Task objective: Beneath this line are the data; copy exactly the part of them that opens with the line containing "Metal Construction Set" and closes with the line containing "Birkenstock Boston Oiled", and only that part.

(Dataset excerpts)

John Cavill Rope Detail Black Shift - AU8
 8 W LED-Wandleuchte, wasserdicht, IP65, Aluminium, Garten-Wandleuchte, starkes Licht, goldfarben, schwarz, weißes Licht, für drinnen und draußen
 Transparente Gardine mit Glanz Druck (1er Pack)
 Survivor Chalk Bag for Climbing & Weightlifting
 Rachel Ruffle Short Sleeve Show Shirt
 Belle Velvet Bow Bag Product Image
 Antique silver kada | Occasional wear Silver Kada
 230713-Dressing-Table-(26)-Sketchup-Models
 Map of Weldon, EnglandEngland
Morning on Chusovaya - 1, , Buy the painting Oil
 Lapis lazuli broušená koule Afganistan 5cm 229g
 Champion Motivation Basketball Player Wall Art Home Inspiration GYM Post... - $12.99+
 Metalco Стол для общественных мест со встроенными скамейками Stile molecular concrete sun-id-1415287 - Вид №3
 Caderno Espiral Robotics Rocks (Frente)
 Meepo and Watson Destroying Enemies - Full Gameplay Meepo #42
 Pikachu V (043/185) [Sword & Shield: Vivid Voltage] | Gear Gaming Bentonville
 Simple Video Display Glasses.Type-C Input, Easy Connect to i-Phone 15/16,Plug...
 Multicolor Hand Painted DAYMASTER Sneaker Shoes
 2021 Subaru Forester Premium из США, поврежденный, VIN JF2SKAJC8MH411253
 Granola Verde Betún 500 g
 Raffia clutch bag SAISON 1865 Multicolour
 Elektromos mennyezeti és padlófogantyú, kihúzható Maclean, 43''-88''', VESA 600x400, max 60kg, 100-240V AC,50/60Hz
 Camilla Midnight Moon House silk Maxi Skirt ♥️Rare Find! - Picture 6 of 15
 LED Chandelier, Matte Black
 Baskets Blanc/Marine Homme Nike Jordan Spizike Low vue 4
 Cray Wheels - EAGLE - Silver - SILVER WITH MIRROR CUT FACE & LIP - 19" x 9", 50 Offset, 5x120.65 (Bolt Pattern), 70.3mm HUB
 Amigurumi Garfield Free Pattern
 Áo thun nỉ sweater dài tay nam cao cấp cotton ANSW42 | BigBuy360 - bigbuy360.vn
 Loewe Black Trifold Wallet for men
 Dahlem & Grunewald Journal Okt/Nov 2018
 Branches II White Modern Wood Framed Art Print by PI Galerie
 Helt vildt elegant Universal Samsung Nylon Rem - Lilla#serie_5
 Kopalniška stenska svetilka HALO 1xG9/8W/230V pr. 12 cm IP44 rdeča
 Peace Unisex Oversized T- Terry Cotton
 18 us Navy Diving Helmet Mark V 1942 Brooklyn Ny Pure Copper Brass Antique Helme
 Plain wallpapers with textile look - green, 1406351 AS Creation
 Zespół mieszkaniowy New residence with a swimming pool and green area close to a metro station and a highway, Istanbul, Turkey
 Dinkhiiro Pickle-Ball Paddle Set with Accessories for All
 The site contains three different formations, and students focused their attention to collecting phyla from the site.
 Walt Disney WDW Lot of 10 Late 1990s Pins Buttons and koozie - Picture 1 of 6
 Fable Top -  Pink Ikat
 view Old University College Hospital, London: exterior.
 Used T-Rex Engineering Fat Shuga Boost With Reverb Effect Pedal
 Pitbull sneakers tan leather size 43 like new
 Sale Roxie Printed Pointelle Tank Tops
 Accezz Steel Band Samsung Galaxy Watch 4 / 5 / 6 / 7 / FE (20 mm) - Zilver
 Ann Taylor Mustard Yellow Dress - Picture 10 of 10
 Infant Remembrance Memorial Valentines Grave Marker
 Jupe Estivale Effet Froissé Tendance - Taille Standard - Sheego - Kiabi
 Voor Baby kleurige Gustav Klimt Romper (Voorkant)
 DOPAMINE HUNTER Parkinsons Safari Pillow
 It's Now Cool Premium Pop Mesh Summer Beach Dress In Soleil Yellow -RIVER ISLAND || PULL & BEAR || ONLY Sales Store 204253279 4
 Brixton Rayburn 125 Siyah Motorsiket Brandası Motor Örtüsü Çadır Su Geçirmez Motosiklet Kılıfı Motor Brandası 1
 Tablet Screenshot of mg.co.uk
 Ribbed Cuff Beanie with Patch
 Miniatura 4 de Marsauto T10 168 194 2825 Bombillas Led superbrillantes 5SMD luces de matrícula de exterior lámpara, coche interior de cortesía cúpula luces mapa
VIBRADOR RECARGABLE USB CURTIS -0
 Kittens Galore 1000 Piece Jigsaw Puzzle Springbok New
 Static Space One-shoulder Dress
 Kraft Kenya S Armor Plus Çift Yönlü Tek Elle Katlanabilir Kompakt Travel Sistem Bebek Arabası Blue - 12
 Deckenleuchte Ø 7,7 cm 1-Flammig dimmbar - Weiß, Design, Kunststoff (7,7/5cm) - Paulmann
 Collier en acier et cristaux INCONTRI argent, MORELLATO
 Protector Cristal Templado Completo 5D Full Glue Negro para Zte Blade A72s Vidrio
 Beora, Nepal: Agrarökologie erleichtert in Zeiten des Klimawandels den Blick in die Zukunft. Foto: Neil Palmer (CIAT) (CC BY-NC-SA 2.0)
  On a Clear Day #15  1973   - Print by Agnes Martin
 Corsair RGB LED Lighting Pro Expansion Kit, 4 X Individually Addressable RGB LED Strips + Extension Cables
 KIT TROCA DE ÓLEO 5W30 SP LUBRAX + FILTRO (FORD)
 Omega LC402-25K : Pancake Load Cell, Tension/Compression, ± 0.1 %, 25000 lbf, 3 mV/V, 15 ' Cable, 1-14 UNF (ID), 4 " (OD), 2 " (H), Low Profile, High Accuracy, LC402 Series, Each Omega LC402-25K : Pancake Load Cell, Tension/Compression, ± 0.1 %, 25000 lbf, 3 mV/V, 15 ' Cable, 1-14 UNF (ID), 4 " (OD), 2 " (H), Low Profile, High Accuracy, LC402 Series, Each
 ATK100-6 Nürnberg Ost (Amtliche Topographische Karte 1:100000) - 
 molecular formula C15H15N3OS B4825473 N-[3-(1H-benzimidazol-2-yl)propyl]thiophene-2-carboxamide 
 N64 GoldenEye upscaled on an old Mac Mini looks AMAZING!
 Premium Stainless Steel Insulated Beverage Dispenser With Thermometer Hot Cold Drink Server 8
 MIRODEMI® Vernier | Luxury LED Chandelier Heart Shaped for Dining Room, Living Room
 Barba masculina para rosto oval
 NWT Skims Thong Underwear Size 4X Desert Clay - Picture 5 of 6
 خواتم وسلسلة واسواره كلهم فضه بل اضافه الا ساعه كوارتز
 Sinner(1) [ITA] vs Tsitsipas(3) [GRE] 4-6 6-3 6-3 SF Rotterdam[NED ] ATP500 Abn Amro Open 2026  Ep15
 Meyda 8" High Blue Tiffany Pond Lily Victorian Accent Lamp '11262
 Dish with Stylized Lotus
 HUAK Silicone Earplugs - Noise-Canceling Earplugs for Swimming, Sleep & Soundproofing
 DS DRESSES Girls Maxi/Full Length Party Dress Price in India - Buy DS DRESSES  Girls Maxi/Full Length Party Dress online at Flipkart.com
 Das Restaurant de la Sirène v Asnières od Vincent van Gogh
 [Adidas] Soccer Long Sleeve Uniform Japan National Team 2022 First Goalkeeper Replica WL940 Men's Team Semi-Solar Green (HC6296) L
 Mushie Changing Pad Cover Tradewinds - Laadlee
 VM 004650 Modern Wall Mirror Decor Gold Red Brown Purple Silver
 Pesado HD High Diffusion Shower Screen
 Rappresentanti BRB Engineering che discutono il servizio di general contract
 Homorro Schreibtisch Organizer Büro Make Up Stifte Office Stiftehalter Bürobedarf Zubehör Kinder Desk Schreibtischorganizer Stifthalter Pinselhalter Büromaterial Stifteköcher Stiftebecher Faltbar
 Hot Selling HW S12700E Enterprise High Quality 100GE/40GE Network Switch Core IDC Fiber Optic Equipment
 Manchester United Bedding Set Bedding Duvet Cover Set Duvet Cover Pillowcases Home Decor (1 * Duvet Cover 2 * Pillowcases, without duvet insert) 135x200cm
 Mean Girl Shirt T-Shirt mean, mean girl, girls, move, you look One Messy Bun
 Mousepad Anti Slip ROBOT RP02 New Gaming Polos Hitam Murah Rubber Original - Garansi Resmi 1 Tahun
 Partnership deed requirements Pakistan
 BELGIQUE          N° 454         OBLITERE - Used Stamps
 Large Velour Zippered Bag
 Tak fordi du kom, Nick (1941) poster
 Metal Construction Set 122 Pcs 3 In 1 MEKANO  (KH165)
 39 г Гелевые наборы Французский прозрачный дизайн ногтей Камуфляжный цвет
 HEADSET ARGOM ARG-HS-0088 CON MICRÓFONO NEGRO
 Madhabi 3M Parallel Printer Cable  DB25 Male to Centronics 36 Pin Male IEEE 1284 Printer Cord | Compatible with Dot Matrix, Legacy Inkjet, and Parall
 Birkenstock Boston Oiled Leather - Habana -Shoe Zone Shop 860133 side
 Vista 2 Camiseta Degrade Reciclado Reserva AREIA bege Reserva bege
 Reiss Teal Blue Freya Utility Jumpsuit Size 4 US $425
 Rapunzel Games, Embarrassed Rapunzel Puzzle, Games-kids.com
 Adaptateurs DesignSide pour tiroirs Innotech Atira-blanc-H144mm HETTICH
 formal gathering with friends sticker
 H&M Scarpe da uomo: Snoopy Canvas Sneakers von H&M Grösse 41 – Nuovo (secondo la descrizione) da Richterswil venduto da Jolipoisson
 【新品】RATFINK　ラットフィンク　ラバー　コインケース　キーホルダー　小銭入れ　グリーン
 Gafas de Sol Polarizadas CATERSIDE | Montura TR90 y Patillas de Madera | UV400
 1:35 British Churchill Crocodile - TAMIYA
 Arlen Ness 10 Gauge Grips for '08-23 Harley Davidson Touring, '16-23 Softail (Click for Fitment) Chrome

Response to this task:
 Metal Construction Set 122 Pcs 3 In 1 MEKANO  (KH165)
 39 г Гелевые наборы Французский прозрачный дизайн ногтей Камуфляжный цвет
 HEADSET ARGOM ARG-HS-0088 CON MICRÓFONO NEGRO
 Madhabi 3M Parallel Printer Cable  DB25 Male to Centronics 36 Pin Male IEEE 1284 Printer Cord | Compatible with Dot Matrix, Legacy Inkjet, and Parall
 Birkenstock Boston Oiled Leather - Habana -Shoe Zone Shop 860133 side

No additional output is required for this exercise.